Deep provisions give a big extra boost to trade, and even bigger to domestic value added in services

At the aggregate level, we find that trade agreements with deep provisions have the largest impact on domestic value added, and that services, investment, and competition provisions contribute roughly 50% to the overall impact of trade agreements on trade in services, and between 30% and 35% on trade in goods (Figure 1). These results hold regardless of whether the goods or services are intermediates or final. Moreover, these findings are robust to the inclusion of additional provision categories, which, alongside services, investment, and competition provisions, encompass the universe of underlying clauses that make up deep agreements.

Figure 1 Relative impact of services, investment, and competition provisions

Source: Dhingra et al. (2018).

At the sector level, we find that the impact of provisions related to services, investment, and competition on both gross and value-added trade is statistically significant for the large majority of sectors, and thus positively contributes to the total effect of deep agreements on trade flows. Our results also indicate that the services sectors that see the biggest benefits from services, investment, and competition provisions are those that are most important for supply chain integration, such as transportation and storage (which helps with the timely delivery of goods). Moreover, we find that the financial and insurance activities sector benefits from these deep non-tariff provisions, even though it is not sensitive to the tariff cuts inherent in a trade agreement.

Policy exercise for future UK trade deals

We use the results of our sectoral regressions to determine how the composition of the UK's bilateral exports might change after entering into a deep agreement with new partners. We examine two hypothetical free trade agreements – a bilateral deal with the US, and bilateral deals with China and India. These countries are among the UK's largest non-EU trading partners (and received its largest share of non-EU exports in 2014 – the last year for which we have trade data in our study).

In both cases, we find that in a post-agreement scenario, the UK’s services exports increase on the whole, relative to manufacturing exports, and that the domestic value-added component of sectoral trade would rise more than its gross or foreign value-added flows. We also find that the services sector that gains in particular is that of professional, scientific, and technical activities (Figure 2). In the case of a UK-US agreement, we estimate exports in this sector to rise by roughly two thirds of their 2014 share in total exports. In the case of an agreement between the UK and China/India, we estimate exports in this sector to double.

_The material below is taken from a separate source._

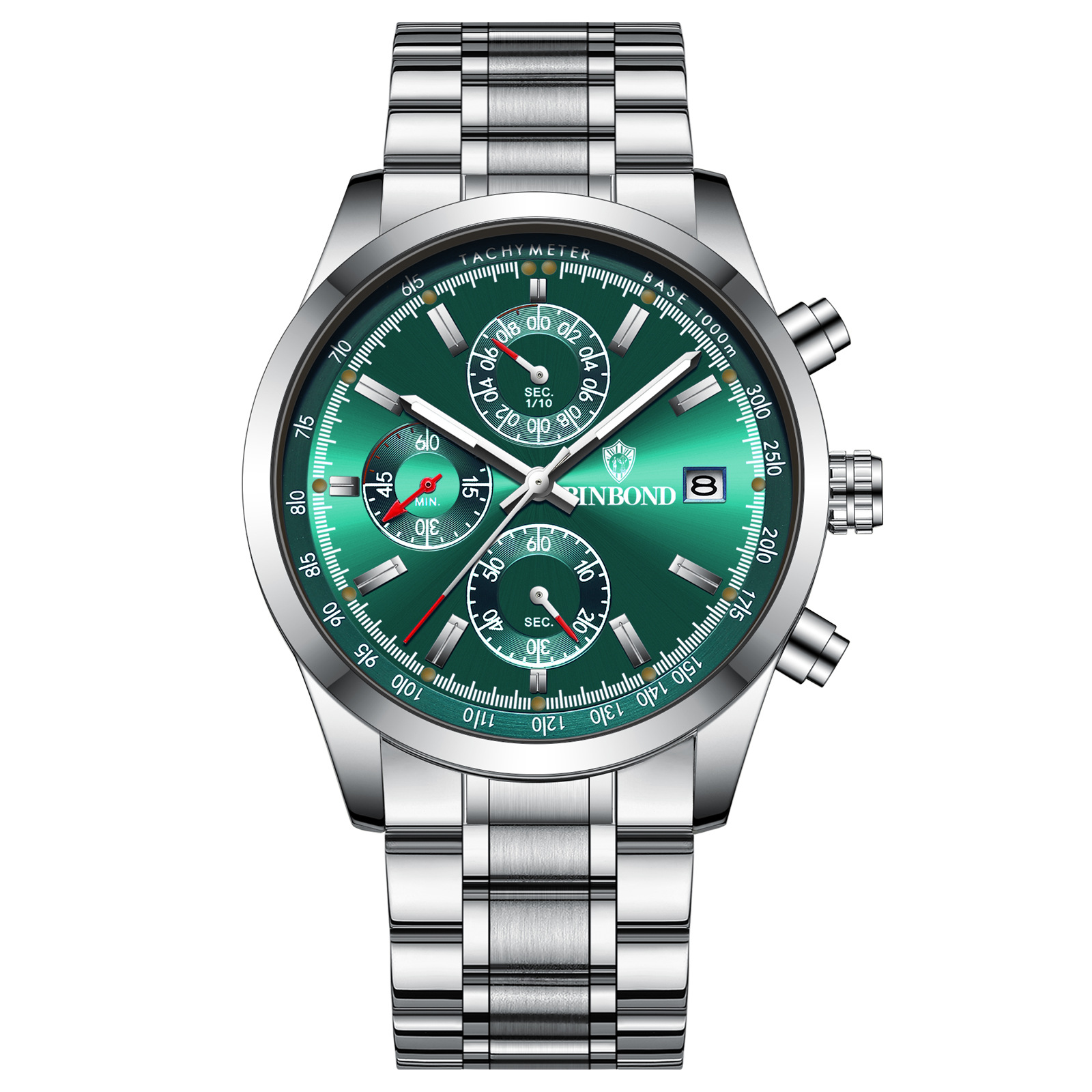 Acier blanc - cadran vert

Among other industries, the professional, scientific, and technical activities sector covers scientific research and development as well as marketing research. As such, our results suggest that the UK’s entry into a deep trade agreement with either the US or China/India that encompasses non-tariff liberalisation of services, investment, and competition can increase economic activity in industries that are key to its innovative activity, and that foster engagement in high-value stages of supply chains.

Figure 2 Estimated change in professional, science and technological services exports

Source: Dhingra et al. (2018).

References

Baier, S L, J H Bergstrand, and M Feng (2014), “Economic integration agreements and the margins of international trade”, Journal of International Economics, 93 (2), 339-350.

Dhingra, S, R Freeman, and E Mavroeidi (2018), “Beyond tariff reductions: What extra boost to trade from agreement provisions?”, LSE Centre for Economic Performance Discussion Paper 1532.

House of Commons International Trade Committee (2017), “UK trade options beyond 2019”, First Report of Session 2016–17, p.4.

Mattoo, A, A Mulabdic, and M Ruta (2017), “Trade creation and trade diversion in deep agreements”, World Bank Working Paper 8206.

Mulabdic, A, A Osnago, and M Ruta (2017), “Deep integration and UK-EU trade relations”, World Bank Working Paper 7947.